顺治皇帝的遗诏中,对大清祖制有两项重大改变:

其一,由皇帝自己指定继承人,废除了诸王贝勒大臣推举后继皇帝的制度。这一制度,始自努尔哈赤时代,在皇太极时继续得到遵守,在入主中原十八年后的福临手中,终成历史;其二,将皇室直系血亲诸王贝勒辅政,改为由八旗重臣辅政。这是一个极大的改变。诸王贝勒是旗主,是主子,旗下众臣不管立过多么巨大的功勋、具有多么重要的地位,仍然是奴才。这个改变意味着,从此以后,国家大事要由奴才们去主持,而主子们只能站在一边看着了。就这样,入关十八年的大清朝,神速地完成了向大明朝学习与效仿的整个过程,事实证明,清朝是一个非常出色的学生。

努尔哈赤制定的八和硕贝勒共“柄”国政制度,在皇太极手中变成诸王贝勒共“议”国政。如今在福临这里,则变成了皇室宗亲、诸王贝勒共“看”国政。他们参与国家决策的权力基本被剥夺殆尽。当年,在大清崛起过程中,发挥过绝大作用的贵族共和体制,现在,大体上只剩下了一个淡淡的、令人忧伤的影子。

这个改变,肯定是接受了皇父摄政王多尔衮的教训。其潜台词不言而喻:让那些血缘关系最近的亲戚,离皇位最好远一点,免得他们想入非非。若是在心猿意马当中,再冲出一匹多尔衮式黑马来的话,他们可就真的受不了了。中国皇家的神经敏感而脆弱,需要细心呵护,远没有一眼看上去那么坚强。

另外一个潜台词可能就是一个如意算盘了。这种安排的设计者大约认为:这些辅政大臣终究都是奴才,诸王贝勒则永远都是主子。奴才们撅着屁股干活儿,主子们在边上看着,奴才不敢乱来,而主子又不累,岂不是天经地义、一拍两好?其实,这真的是一厢情愿。在其当时,这绝对是一个令主子寒心、令奴才惶恐的改变。后来,亲政后的康熙小皇帝艰辛地对付满朝乱局时,没有一个亲王贝勒伸出援手,逼得小皇帝只能用一帮子小孩子开玩笑似的拿下鳌拜,应该就是这种情形的逻辑后果。

史书记载说,顺治皇帝的遗诏发布后,首席辅政大臣索尼立即带领其他三位辅政大臣,跪拜在诸王贝勒面前说:“国家大事,从来都是只有皇室宗亲才能协助处理,我们只是些异性臣子,哪里能够担得起?还是请诸王贝勒爷一起分担的好。

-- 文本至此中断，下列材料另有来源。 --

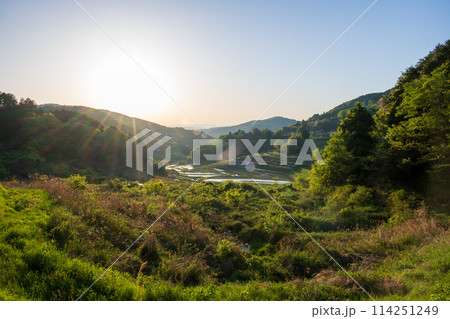 日本の岡山県美咲町の棚田の美しい風景 日本の岡山県美咲町の棚田の美しい風景 114251249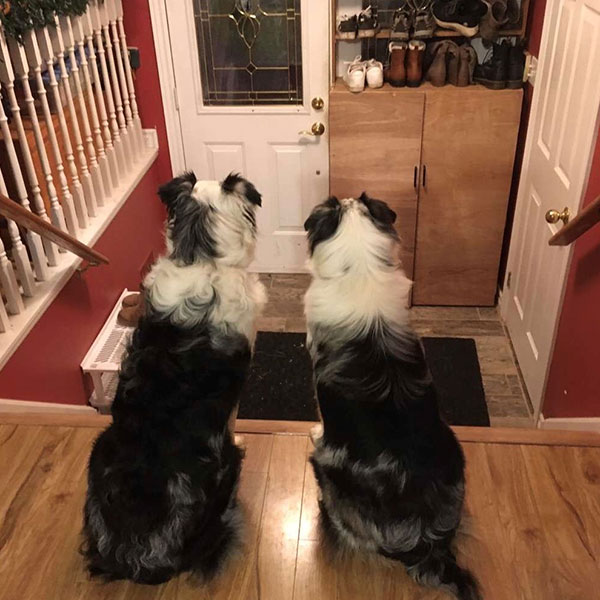 2 dogs staring at the front door by Lindsay LeBlanc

”诸王贝勒的回答简单而意味深长,于五味杂陈中醋味十足,曰:“诏旨说得明明白白,谁敢干预?”(《清圣祖仁皇帝实录》卷一,第5—6页)

就这样,大清朝轻轻完成了自己入主中原后的一个巨大政治转变。后来的发展表明,这个转变远不是像此时表现得那样轻而易举。从一般情形判断,从此以后所发生的一切,就和中国历史上历朝历代的故事,差不多大同小异了。那些位高权重的顾命大臣,能够得到善终者并不是很多。因为,这种帝王政治传统有其自身的内在逻辑。这种逻辑如钢铁一般坚强,屡试不爽,百发百中。鳌拜等四位辅政大臣的命运,早已在这种逻辑中成为命中注定。能够逃出这种宿命的人,鲜矣哉!唉!